While talking with the Conservative Party of Canada candidate in his riding, University of Alberta law professor Ubaka Ogbogu expressed his concerns about Bill C-24, the new law that allows the Canadian government to strip to revoke the citizenship of anyone born outside Canada or anyone born in Canada who has or is eligible for citizenship in another country. Ogbogu was concerned about his daughters, who, while Canadian-born, can have their citizenship stripped — and by the Minister of Citizenship and Immigration or a delegate, not a real judge. Cumming’s advice was that if Bill C-24 was such a concern, Ogbogu should “renounce his heritage”.
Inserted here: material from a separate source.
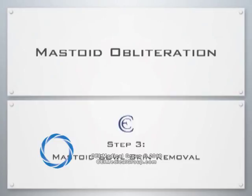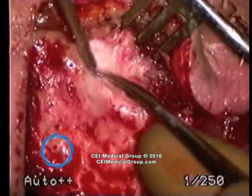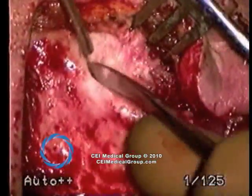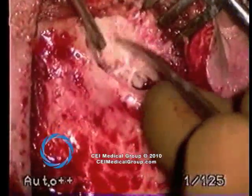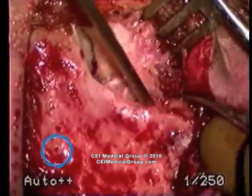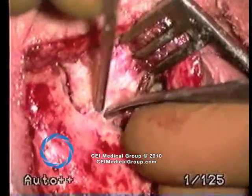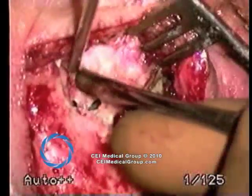Perhaps the most important portion of the procedure is mastoid bowl preparation and skin removal. You see the margin of the mastoid cavity with the skin being elevated from posteriorly. The surgeon attempts to keep the skin intact as much as possible throughout this portion of the procedure. Care is taken superiorly, as in approximately a third of patients a dural dehiscence is noted as well.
Bill C-24 (and yes, full disclosure, it affects me) is supposed to be used to punish the following classes of offender:

  • Obtained citizenship by false representation or fraud
  • Served as a member of an armed force or organized armed group engaged in an armed conflict with Canada
  • Was convicted of treason, high treason, spying offences and sentenced to imprisonment for life
  • The person was convicted of a terrorism offence or an equivalent foreign terrorism conviction and sentenced to five years of imprisonment or more

The problem is that “Old Stock Canadians”, to use Prime Minister Stephen Harper’s phrase, are capable of committing three out of four of the offenses listed above, but can’t have their Canadian citizenship taken from them. It’s all based on a very arbitrary guess of the offender’s loyalty to Canada. The Canadian Bar Association has pointed out that there’s no reason to question the loyalty of dual citizens any more than an “Old Stock Canadian”, or why their loyalty should determine their worthiness to be a citizen (otherwise, you’d have to deport the Canadian conservative blogosphere, who not-so-secretly wish they lived in Texas).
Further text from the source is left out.